Exercise instructions: Give all of the listing again word for word, with images excluded.
Top of Given material
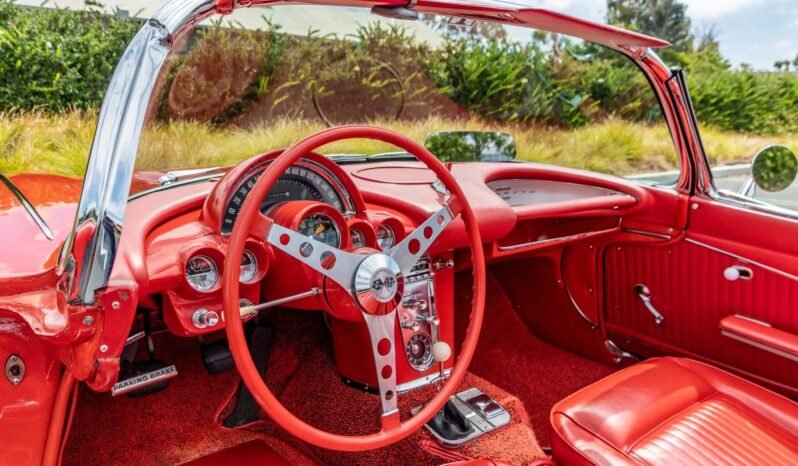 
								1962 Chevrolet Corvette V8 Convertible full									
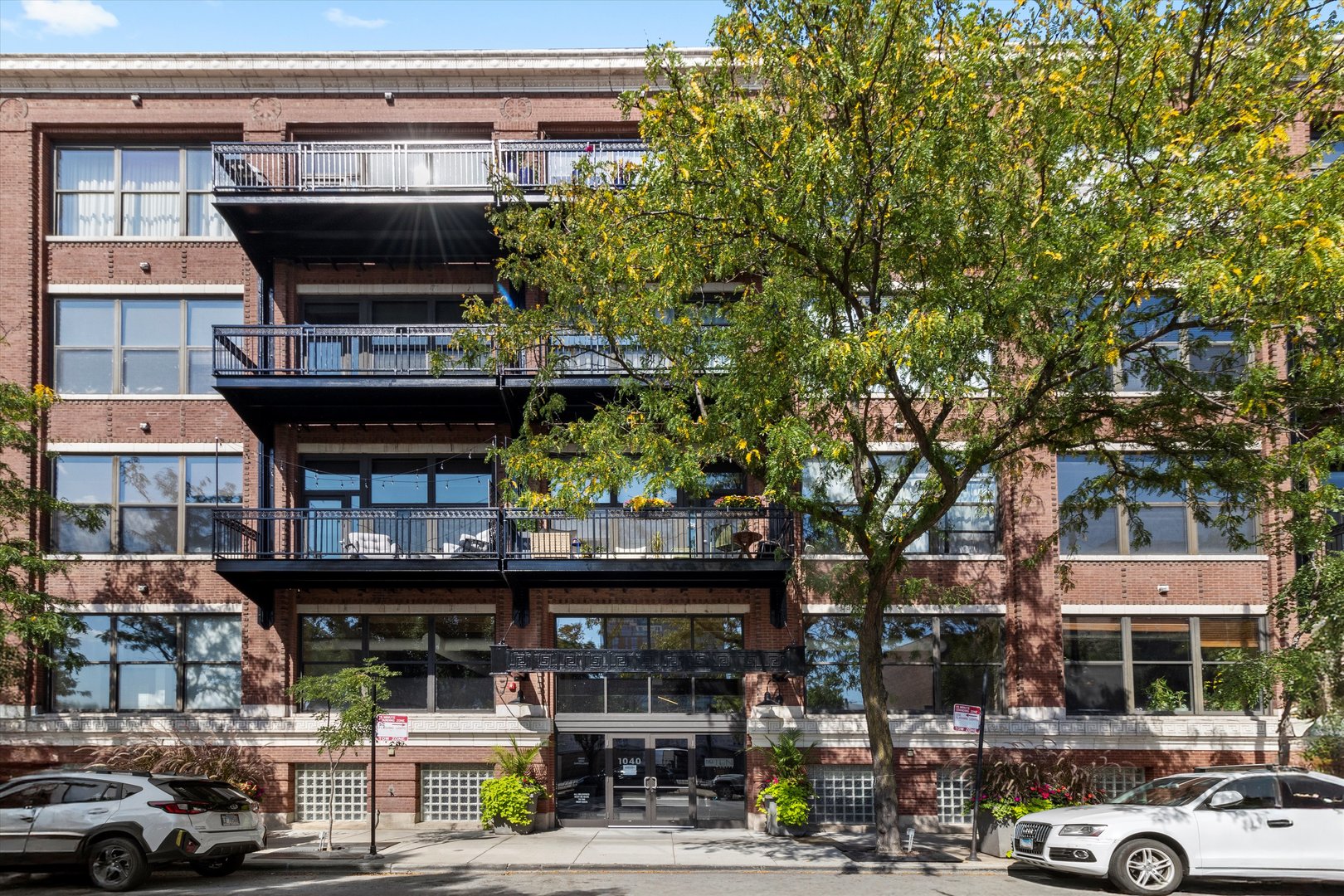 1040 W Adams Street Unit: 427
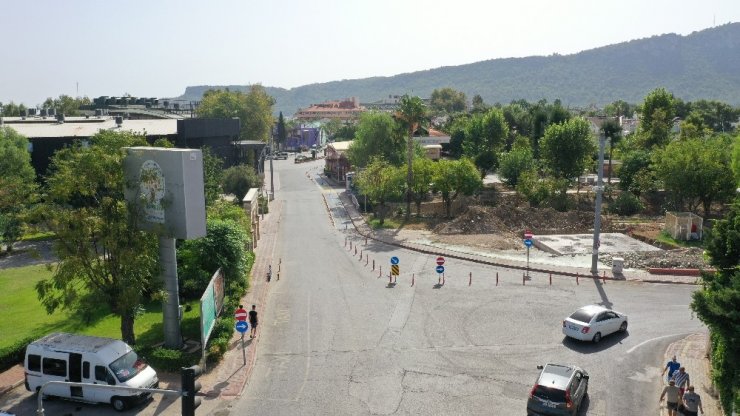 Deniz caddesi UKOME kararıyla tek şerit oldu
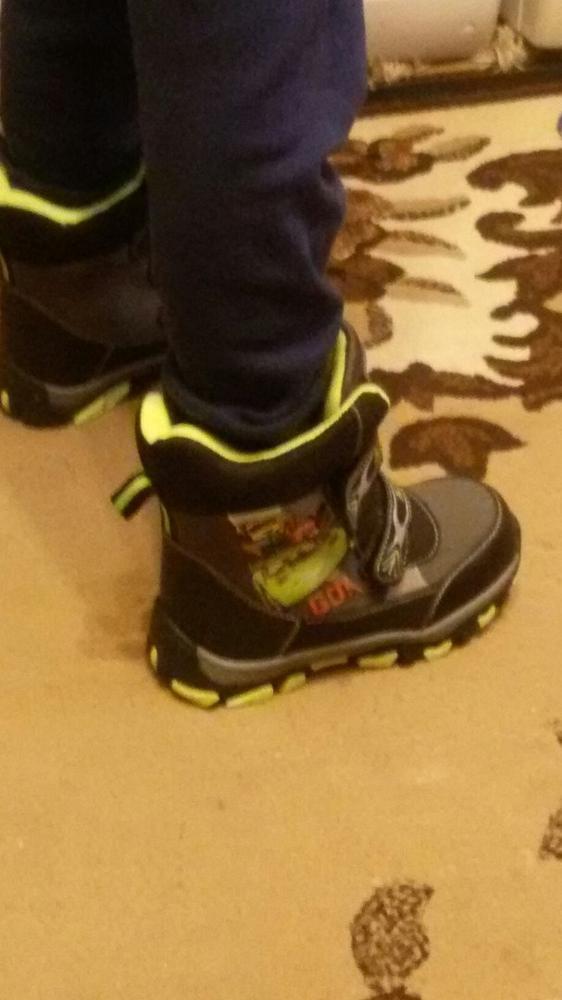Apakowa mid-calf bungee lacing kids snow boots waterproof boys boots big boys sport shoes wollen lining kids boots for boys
Bottom of Given material
Answer section:
								1962 Chevrolet Corvette V8 Convertible full									
 1040 W Adams Street Unit: 427
 Deniz caddesi UKOME kararıyla tek şerit oldu
Apakowa mid-calf bungee lacing kids snow boots waterproof boys boots big boys sport shoes wollen lining kids boots for boys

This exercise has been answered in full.